Caprica Before the Fall: Tigh buys Adama a lap dance, screams "Woo!" sixteen times; Bill barfs on himself and decides to throw a shit fit and retire rather than take a desk job. Sean Ellison turns out to be a hot student of Laura's from when he was a child; she fucks him, smokes a cigarette, and joins Adar's campaign. After a long speech presaging Lee's undying love of democracy, Kara and Lee almost fuck in the same room as Zak but then don't. Caprica Before the Fall was fucking classy.
Galactica/The Colony: Everybody moves Sam's hospice-smelling tank into the CIC so that he can brainwave the Colony's Hybrids. Since they are female, they have orgasms and pass out. After about twenty minutes of "rounding the horn" -- which if you're not savvy means that Adama names each and every room in the ship and then a person in that room says Go! and it's riveting -- the Galactica t-bones the Colony. Next, imagine watching your little brother playing Doom on a PC for approximately sixteen hours. Boomer rescues Hera, and Athena shoots her a million times. Then Helo gets shot a bunch of times and disappears for about an hour and a half. While a bunch of CGI robots shoot at a bunch of other CGI robots, Hera runs off about eleven times for no reason.

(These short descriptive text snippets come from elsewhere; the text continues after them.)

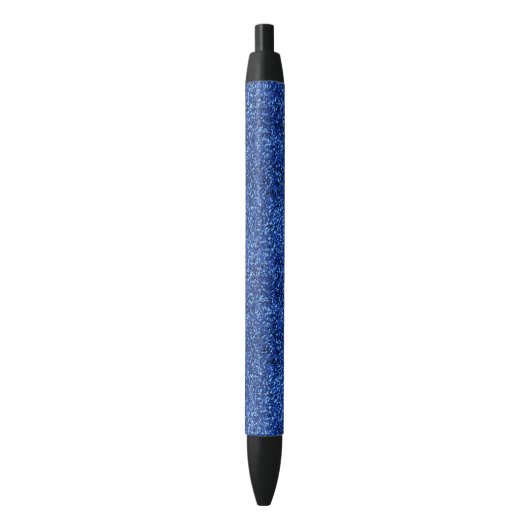 Stijlvolle Glitzy Blue Sequin Sparkles Zwarte Inkt Pen (Voorkant Verticaal)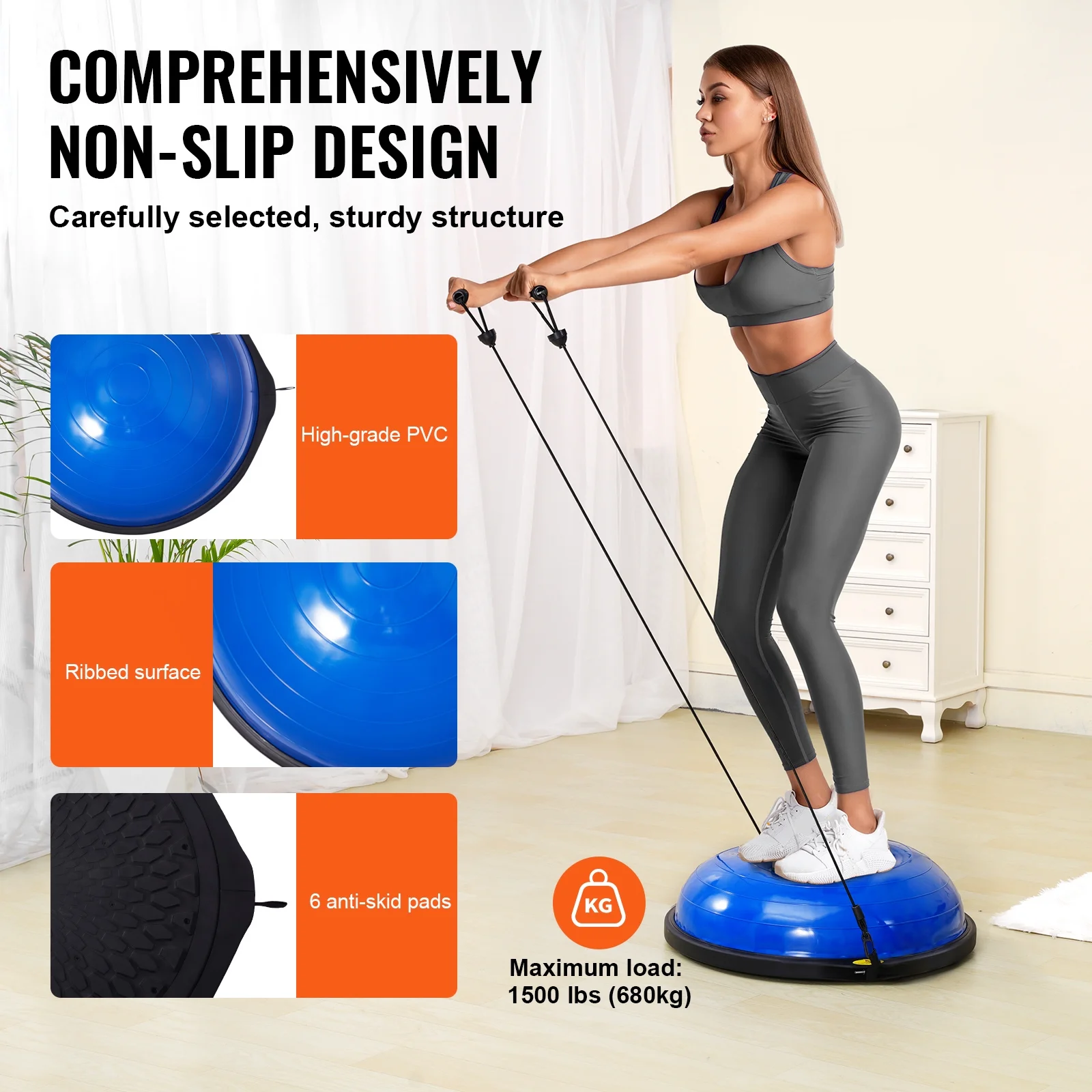 SKYSHALO 26 Inch Ball Yoga Trainer Half Fitness Balance Stability Ball Resistance Band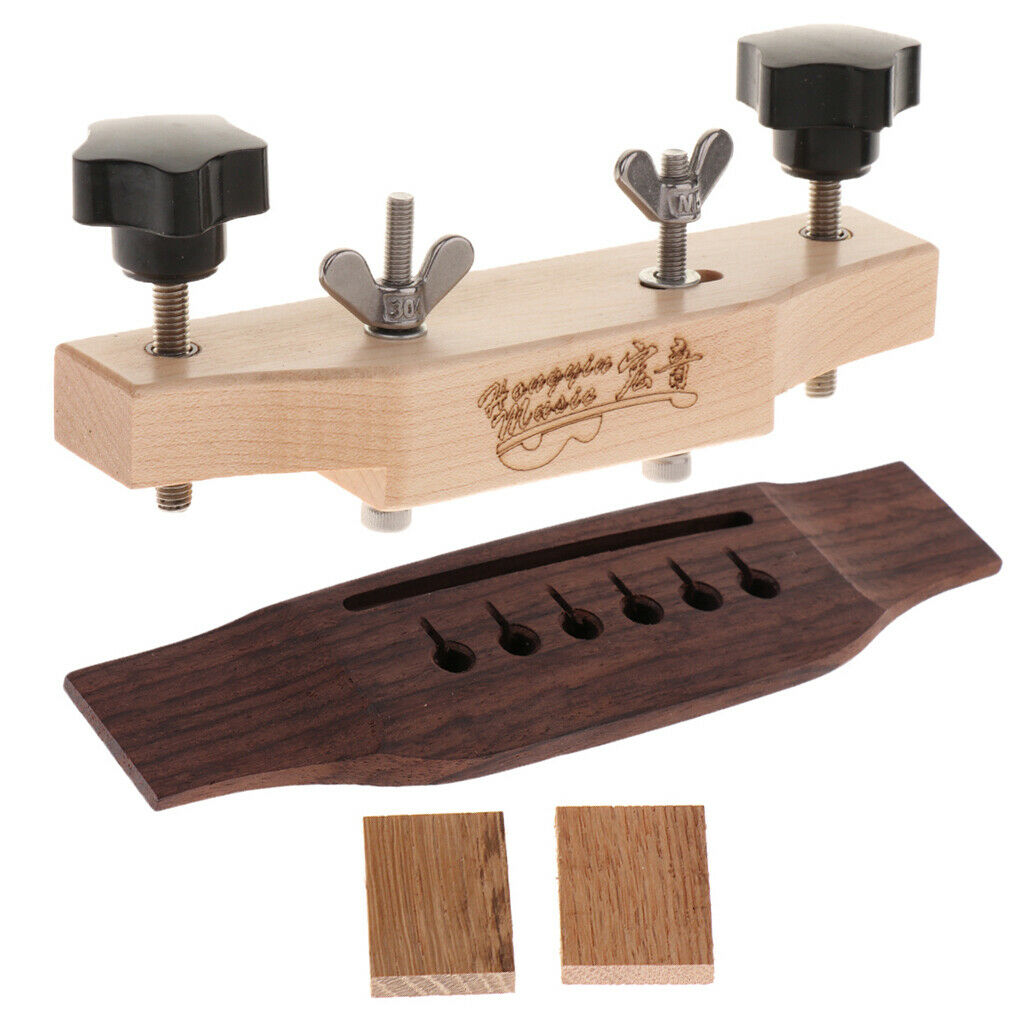 Durable Acoustic Guitar Rosewood Bridge w/ Bridge Clamp Set Luthier Tools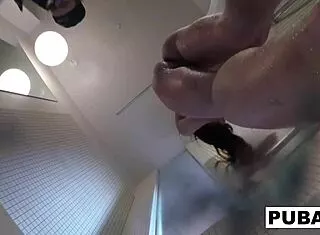 christiana glitters her big tits in steamy shower pool nude fun 😍💦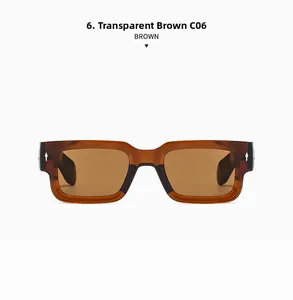 Front view of transparent brown vintage rectangular sunglasses with silver arrow rivets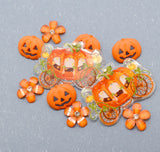 Halloween Pumpkin Carriage Ride Craft Embellishment Mix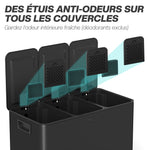 Poubelle de cuisine 45L avec 3 compartiments de 15L, couvercle, seaux intérieurs amovibles, 3 x 15L, noir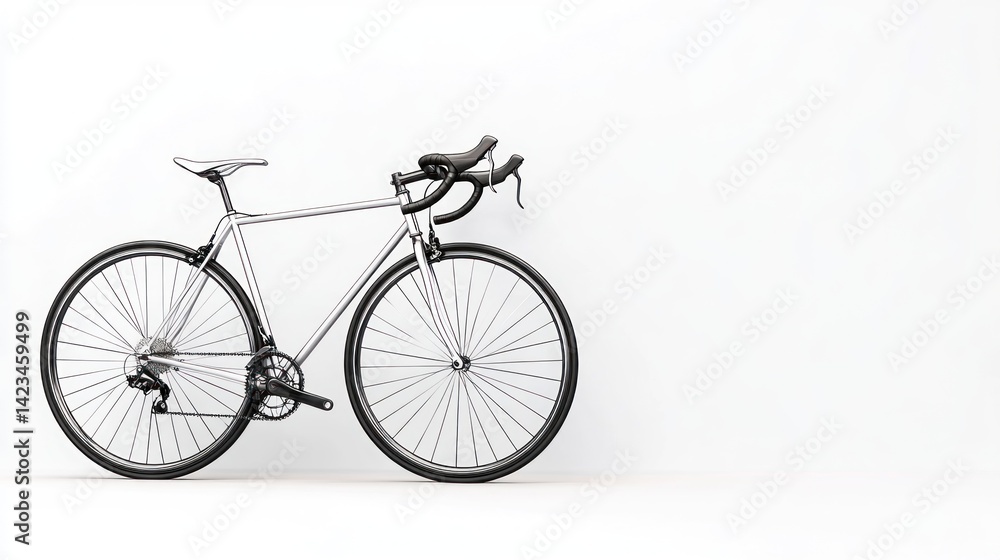 Silver road bicycle against white background Silver road bicycle against white background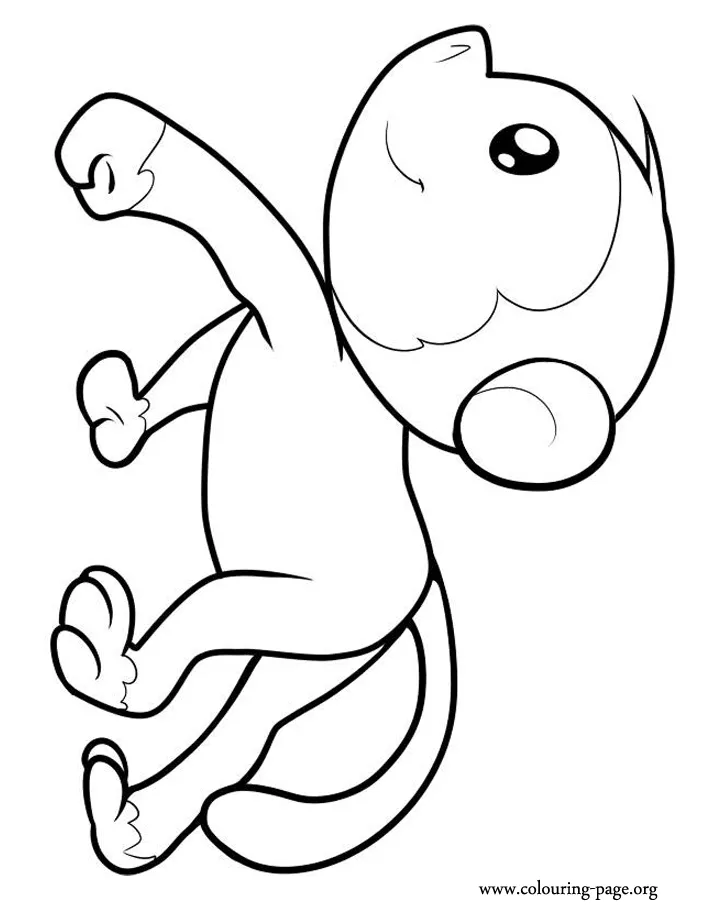 Monkeys a little monkey walking on his legs coloring page printable coloring page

The Opera House vision plays out, and Gaius (who joined after all) and Caprica scoop her ass up and take her... into Galactica's CIC. Which is the Opera House, which is cool: all Final Four standing around Sam's tank, glowing. Cavil pops up out of thin air and grabs Hera again, and Tigh promises him resurrection technology in return for Hera, but only after Gaius makes an embarrassing speech about how God doesn't pick sides because he's on everybody's side because we're all friendlies. Everybody immediately starts shooting at each other, only nobody actually dies. Except Cavil, who sticks a gun in his mouth hilariously and for no reason. Meanwhile, Chief chokes the shit out of Tory, because she's a whore and deserves it, but mostly because Ron Moore has discovered that the internet hates Tory and thought he'd give us a little present.
After the Colony is nuked and sent into the black hole with all the 145s aboard, Kara randomly plays "All Along The Watchtower" on the FTL boards, and the Galactica jumps to Earth. That is, our Earth, with North and South America, like we saw when she first came back from the dead because we went to bombed-out Thirteenth Colony Earth. That's a pretty good fakeout: "We're going to find Earth! Before schedule! And it sucks! But just kidding, because then we found Other Earth!" Then there is a lot of grass, some gazelles, and more grass.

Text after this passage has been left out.